Baroque takes place in a post-apocalyptic wasteland, and while the fact that it is a wasteland is apparent immediately, that it is post-apocalyptic is something that you must learn, because the main character begins without any memory. Now, Wlad and Michael Abbott and maybe a few others of you know that I usually loathe amnesia as a narrative mechanic, but I did not mind it here. Mostly this is because the majority of games use amnesia as an excuse for long explanatory monologues, while Baroque just tosses you into the story without explaining much of anything. As you stumble forward in the world you encounter an Archangel who gives you a special gun and urges you to make your way to the bottom of a place called the Neuro Tower and use the gun there. “Use it,” he urges, “There is meaning in you using it.”
The Tower is a dungeon filled with creatures that were once human, but who became twisted into something else by “baroques”, twisted ideas that come to dominate their minds. In the world that exists after the apocalypse, ideas that distort the mind can warp the body, and sometimes they remain in the form of a crystal after the body’s destruction. By gathering these crystals, and exploring the tower, the nameless main character learns more about the world and its past. The catch, however, is that the Neuro Tower allows travel only in one direction (downwards). To depart the tower and learn from the people in the outer world, the hero must die. He then reappears in the world, having lost all his items (though some can be transferred from the dungeon and found outside) and progress (he is reverted to level 1). To proceed in the story, he usually must enter the dungeon and make his way to the bottom once more.

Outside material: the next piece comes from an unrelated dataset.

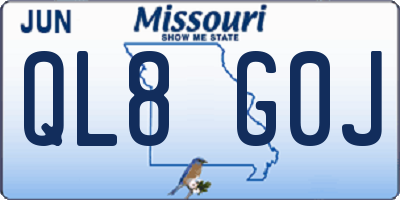 MO license plate QL8G0J
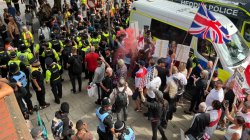 Asylum hotel protesters met by counter-demonstrators across UK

The hero learns that he, the surviving one of conjoined twins, was fused with God, whom the Archangel had driven mad in part by removing her pain. The Archangel separated the hero from God, causing the apocalypse. The hero must return certain ideas and pain to the multiple personalities that split off from God, and then fuse with her to adapt some kind of livable world from the current existence.
This whole scheme, in my opinion, is practically bursting with potential. One ideal route would be to highlight that the repetitive mechanics make the traversal of the tower a baroque for the main character (or the player). The idea of pain as necessary for sanity, and the parallels between the hero’s and God’s feelings of incompleteness make for interesting thematic territory. If you wanted to turn the game into a commentary on games and gaming (despite my love of No More Heroes this is not something I generally advise), the subversion of traditional RPG goals would give you a lot to work with. Yet Baroque never really does any of these things; it is simply satisfied to present its minimal story and its Roguelike dungeon and to let you imagine the wonderful things that could have been done with this premise.

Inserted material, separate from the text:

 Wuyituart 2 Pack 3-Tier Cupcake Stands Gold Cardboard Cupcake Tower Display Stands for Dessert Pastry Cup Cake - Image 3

Part of the problem here is the repetition; putting repetitive tasks in a game always involves walking a fine line between holding the player’s interest and annoying him, and Baroque definitely teeters over into the latter. The real-time combat is dull, and the hero doesn’t really become any stronger by leveling up. Instead, the character’s strength is almost completely dependent on the items he finds in the tower. Because so many of the items he can find are harmful to him (a common element of Roguelikes), the hero’s ability to fight and survive is almost totally random. Because of this, actually fighting through the levels is, after a certain point, a total waste of time. It’s better just to run whenever you can. I am still on board for this, but if fighting through the levels is not a worthy end in itself then a game needs to have something else to draw the player along. Baroque doesn’t.
Baroque just has too little content to support even the minimal amount of play necessary to finish the game (judging from some FAQs, the game can be completed only entering the Tower 3 times, though it took me 10 attempts to fumble through). Part of the problem here is that the most interesting parts of this tale happened in the past. The backstory of the game is very tense, very emotional, and involves some interesting ideas, but the reality is that you are just playing the epilogue of that epic. Although the pace at which the past is revealed is good, the story doesn’t really have an arc, or develop any tension beyond the player’s increasing annoyance at going through the Neuro Tower again again. Moreover, the Christian and Kabbalistic imagery is pretty worn at this point, though perhaps it was fresher when the game was first made.
I won’t fault Baroque just for being a Roguelike. However, it is fair to complain that the dungeon crawl just isn’t entertaining enough to sustain a game on its own, the story isn’t strong enough to compensate, and the thematic possibilities never become realities. From its confusing beginning to its end, Baroque repeatedly flashes signs of brilliance, but it never really delivers on the promise. Somebody could make a great game out this.
Sadly, nobody did.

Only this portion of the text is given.